Khutbah merupakan salah satu rukun melaksanakan shalat Jum’at. Tanpa adanya khutbah, shalat Jum’at belum dianggap sah secara fikih. Sementara, Shalat Juma’at sendiri juga merupakan kefardluan yang mesti diikuti oleh setiap muslim. Terkait kewajiban melaksanakan Shalat Jum’at, Nabi Muhammad SAW bersabda:
“Shalat Jum’at itu wajib atas setiap muslim, kecuali 4 golongan yaitu hamba sahaya, perempuan, anak-anak, dan orang sakit.” (HR. Abu Dawud).
Sementara, Allah SWT berfirman:
“Hai orang-orang beriman, apabila diseur untuk menunaikan shalat Jum’at, maka bersegeralah kamu kepada mengingat Allah dan tinggalkanlah jual beli. Yang demikian itu lebih baik bagimu jika kamu mengetahui.” (QS. Al-Jumu’ah: 9).
Terkait dengan khutbah Jum’at, di sebagian masjid ada kecenderungan tidak lagi murni berisikan dakwah ataupun nasihat, peringatan, ataupun motivasi agar umat muslim bertambah shalih di muka bumi. Sungguh, wasiat taqwa kepada Allah SWT selalu disampaikan oleh para khatib di dalam setiap khutbah, namun setelahnya membahas hal-hal yang justru “bertentangan” dengan nilai-nilai luhur agama.

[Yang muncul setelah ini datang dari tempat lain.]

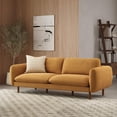 thumbnail image 2 of Saunders Sofa, 2 of 11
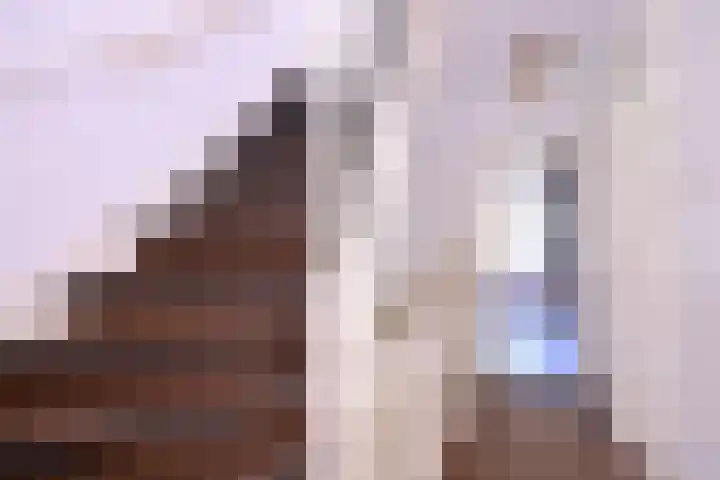 Worp 5 Deventer thumbnail 29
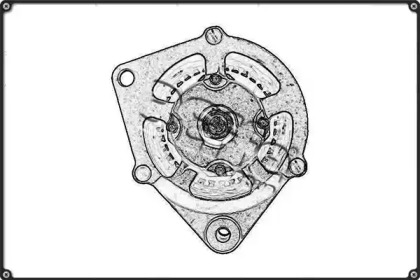 3effe group altf802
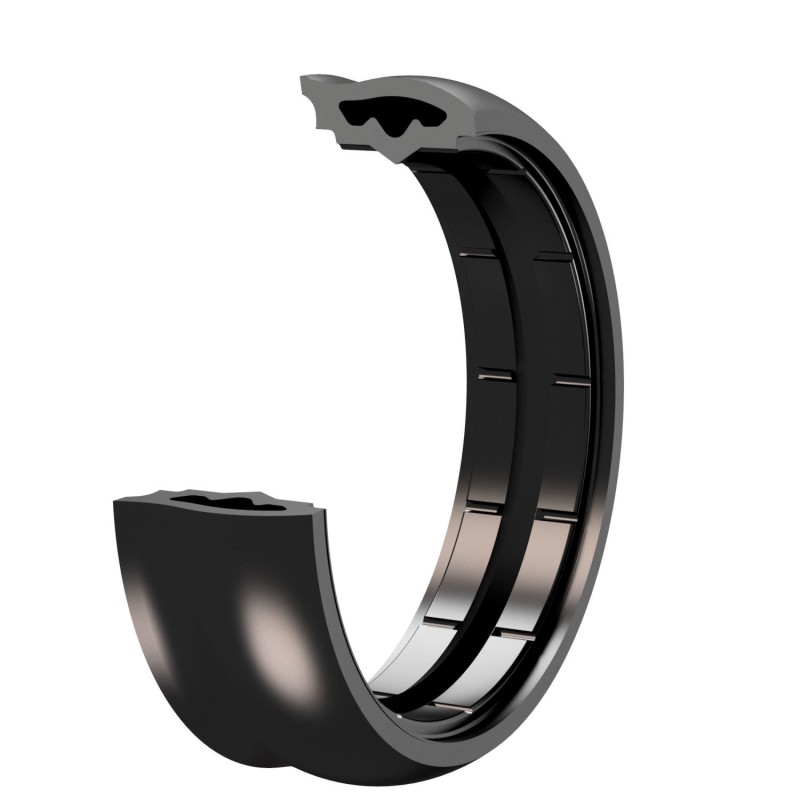 PNEU FARMFLEX® 400x115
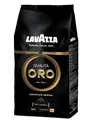 Produktbild: Lavazza Oro Mountain Grown - 1kg 1334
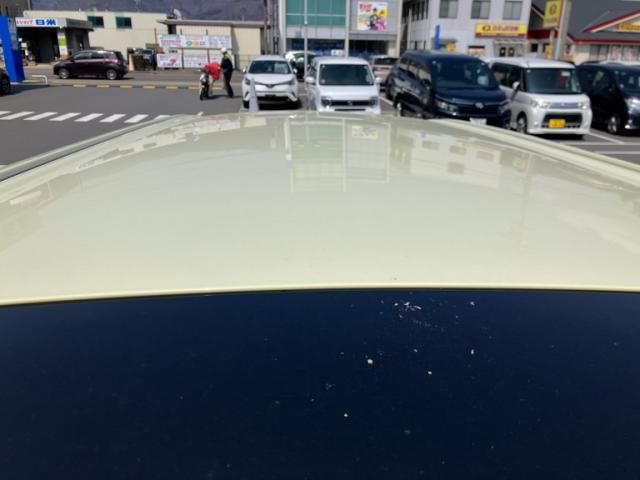 DAIHATSU TANTO 4WD 2015 Image 31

Baca juga :Kurikulum Khutbah Berbasis Teladan Nabi
Saat sang khotib mengangkat tema politik dalam negeri, misalnya. Di awal khutbah, sang khatib membicarakan bahwa pemimpin bangsa mestinya harus seiman dan setaqwa. Dalam paparan selanjutnya, ia membahas kriteria calon pemimpin yang mesti dipilih dengan mengunggulkan satu calon serta merendahkan calon yang lain. Meski tanpa menyebut nama calon pemimpin bangsa yang sedang mendaftarkan diri untuk mengikuti kontestasi politik, sang khatib mengarahkan para jamaah Jum’ah untuk memilih satu pasangan calon dengan cara menceritakan kebaikan dan menutup keburukannya. Pada saat yang bersamaan, ia juga mengajak para jamaah agar “meninggalkan” calon pasangan calon lainnya dengan cara mengubar bahkan membersar-besarkan aib serta menutup kebaikan yang sudah nyata.
Secara langsung, banyak khatib tidak mengarahkan para jamaah untuk memilih calon pemimpin bangsa. Namun, inti sari dari paparan khutbah yang disampaikan adalah mengarahkan para jamaah untuk memilih salah satu calon pasangan pemimpin bangsa dengan meninggalkan calon pasangan lainnya. Kondisi ini belumlah menjadi masalah yang besar dalam agama. Yang menjadi persoalan adalah, paparan khutbah yang disampaikan khatib bernuansa fitnah, hoaks, hingga adu domba kepada masyarakat luas. Dan semua ini disampaikan oleh khatib bukan dalam rangka dakwah Islamiyah melainkan memenuhi syahwat politik pribadi dan atau golongan.
Kondisi ini juga hampir sama dengan penyampaian khatib terkait tema khutbah tentang keimanan. Terdapat sebagian khatib menyampaikan materi khutbah terkait keimanan, namun dalam pemaparannya justru mengunggulkan satu organisasai keagamaan tertentu dengan merendahkan yang lain. Parahnya, dalam pemaparan tersebut, seorang khatib menyembunyikan kebaikan tradisi ormas tertentu dengan membicarakan kejelekan belaka. Sementara, terhadap ormas yang lain, ia memoles sehingga terlihat baik dengan menutup kejelekan yang sudah nyata. Parahnya, umat diajak untuk “memilih” ormas yang sering mengajarkan perpecahan dan radikalisme.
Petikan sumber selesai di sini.